Wat opvalt, is dat er in de solidaire regeling nog steeds een pensioendoelstelling wordt nagestreefd. Ook nu wordt bij sommige pensioenregelingen een doelstelling over bijvoorbeeld het te bereiken pensioen vastgesteld. In de solidaire regeling is in ieder geval duidelijk dat de beschikbaar gestelde premie het uitgangspunt is. De overeenkomst tussen beide regelingen is dat de in te leggen premie een voor iedere werknemer gelijke, leeftijdsonafhankelijke vaste premie wordt. In eerste instantie wordt gedacht aan maximaal 30% van de pensioengrondslag.

Gelijke arbeid gelijk belonen

Voor op 31 december 2022 bestaande pensioenregelingen wordt overgangsrecht gecreëerd. Dit overgangsrecht houdt in dat een werkgever voor het personeel dat op die datum in dienst is, mag blijven uitgaan van een met de leeftijd stijgende premie. Werknemers die na die datum in dienst komen, mogen alleen maar een vaste, leeftijdsonafhankelijke premie aangeboden krijgen. Je krijgt dan als werkgever te maken met de situatie dat er in jouw onderneming werknemers in dienst zijn die weliswaar hetzelfde werk verrichten, maar voor wat betreft de arbeidsvoorwaarde pensioen ongelijk worden behandel. De tot nu toe onbeantwoorde vraag is of er daarbij sprake is van ongelijke behandeling?

Verplichte AOV voor zzp’ers

Het is een lang gekoesterde wens van de politiek en de sociale partners om te komen tot een verplichte verzekering tegen de risico’s van arbeidsongeschiktheid van zelfstandigen. Alleen de uitvoering blijft enigszins achter. In een recente brief van het Ministerie van Sociale Zaken is aangegeven dat er al grote stappen zijn gemaakt. Echter, met name de uitvoering door het UWV (uitkeringskant) en de Belastingdienst (inning van de premies) vergt meer tijd. De invoering van een verplichte AOV-verzekering voor zelfstandigen wordt dan ook niet verwacht voor 2027.
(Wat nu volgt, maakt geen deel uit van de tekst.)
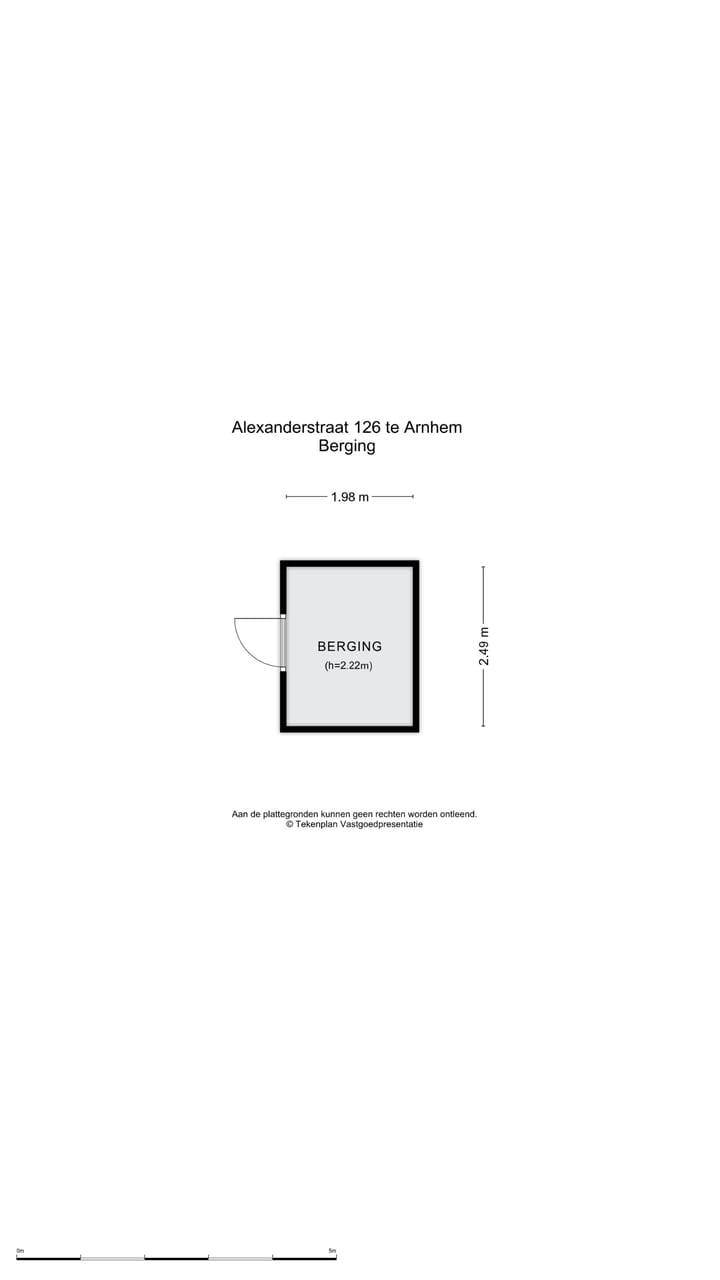 Foto 48 van Alexanderstraat 126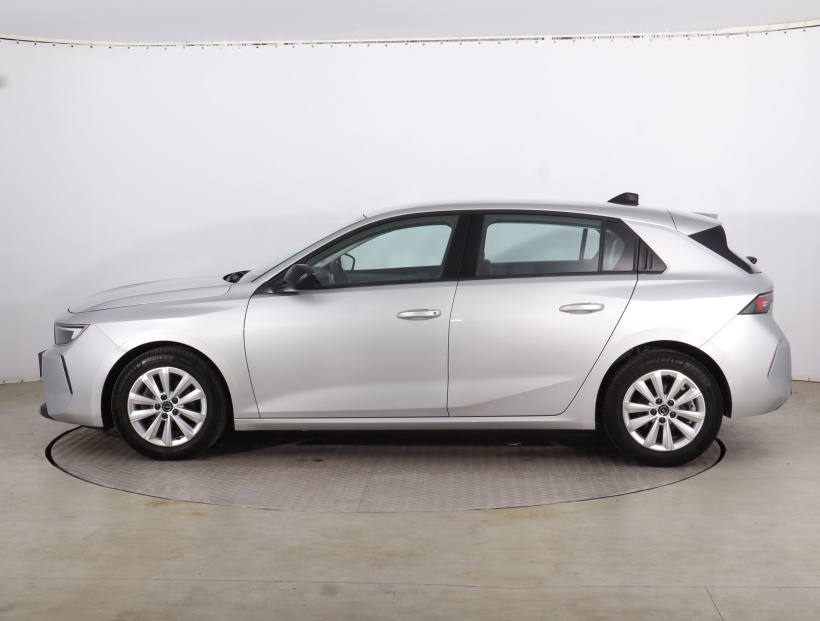 Opel Astra, 2023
Fiscale Oudedagsreserve (FOR)

Zelfstandige ondernemers mogen onder bepaalde voorwaarden een bepaald percentage van hun winst toevoegen aan de FOR. Op deze manier worden zij in staat gesteld te ‘sparen voor hun pensioen’. In de Voorjaarsnota 2022 heeft het kabinet echter aangekondigd dat de FOR met ingang van 1 januari 2023 wordt afgeschaft. Het praktische effect van deze maatregel is dat het vanaf die datum niet meer mogelijk is om nog toevoegingen te doen aan de FOR. Bestaande rechten mogen nog wel worden afgewikkeld op de manier zoals we die nu kennen. Deze maatregel hing al een tijdje in de lucht, maar wordt nu waarschijnlijk versneld ingevoerd als gevolg van de huidige financiële tegenvallers. Na het pensioen in eigen beheer valt nu dus ook het doek voor een andere papieren tijger; de FOR.

Lijfrente bedingen

Het is belangrijk om te beseffen dat de FOR weliswaar wordt gereserveerd op de balans van de ondernemer, maar dat er voor deze reserve te zijner tijd daadwerkelijk een lijfrente bij een verzekeraar of bank moet worden bedongen. Dit betekent voor de ondernemer dat hij of zij ervoor moet zorgen dat er voldoende liquiditeiten zijn om deze lijfrente op de ‘pensioendatum’ te kunnen aankopen. Dit laatste punt blijkt in de praktijk tegen te vallen. Daarom is het verstandig om een eind te maken aan dit papieren uitstel van belasting betalen. Laat de ondernemer op het moment dat hij over liquiditeiten beschikt bijvoorbeeld een (verzekerde of bancaire) lijfrente afsluiten. De aangekondigde uitbreiding van de jaar- en reserveringsruimte helpt daarbij. Jouw rol als adviseur krijgt er weer een nieuw aspect bij; pak die kans. Op dit moment is het nog niet duidelijk of de afschaffing van de FOR ook gepaard zal gaan met soortgelijke tegemoetkomingen, zoals destijds bij het afschaffen van het pensioen in eigen beheer (PEB).

ODV

Het is mogelijk om een ODV om te zetten in een lijfrente. Bij die omzetting moeten dan wel de spelregels van het lijfrenteregime worden gevolgd. Een van die regels is dat de uitkeringen uit hoofde van een lijfrente uiterlijk ingaan in het jaar waarin je de leeftijd bereikt die vijf jaar hoger is dan de AOW-leeftijd. Blijkbaar roept deze regel in de praktijk ‘ongewenste situaties’ op. Reden voor de staatssecretaris om voor de omzetting van een ODV deze specifieke regel overboord te zetten. Voorwaarde is dan wel dat de lijfrente-uitkeringen direct moeten ingaan en dat er een verzoek aan de inspecteur moet worden gedaan. De staatssecretaris gaat dit beleid vastleggen in een wetswijziging die onderdeel zal uitmaken van het Belastingplan 2023. Opmerkelijk is dat het voorstel terugwerkende kracht krijgt tot 1 april 2017. Heb jij ooit een verzekeraar gezien die met terugwerkende kracht alsnog een lijfrentepolis afsluit? Ik ben benieuwd naar de praktische invulling van deze politiek getinte wens. Of is de wens hier wellicht opnieuw de vader van de gedachte?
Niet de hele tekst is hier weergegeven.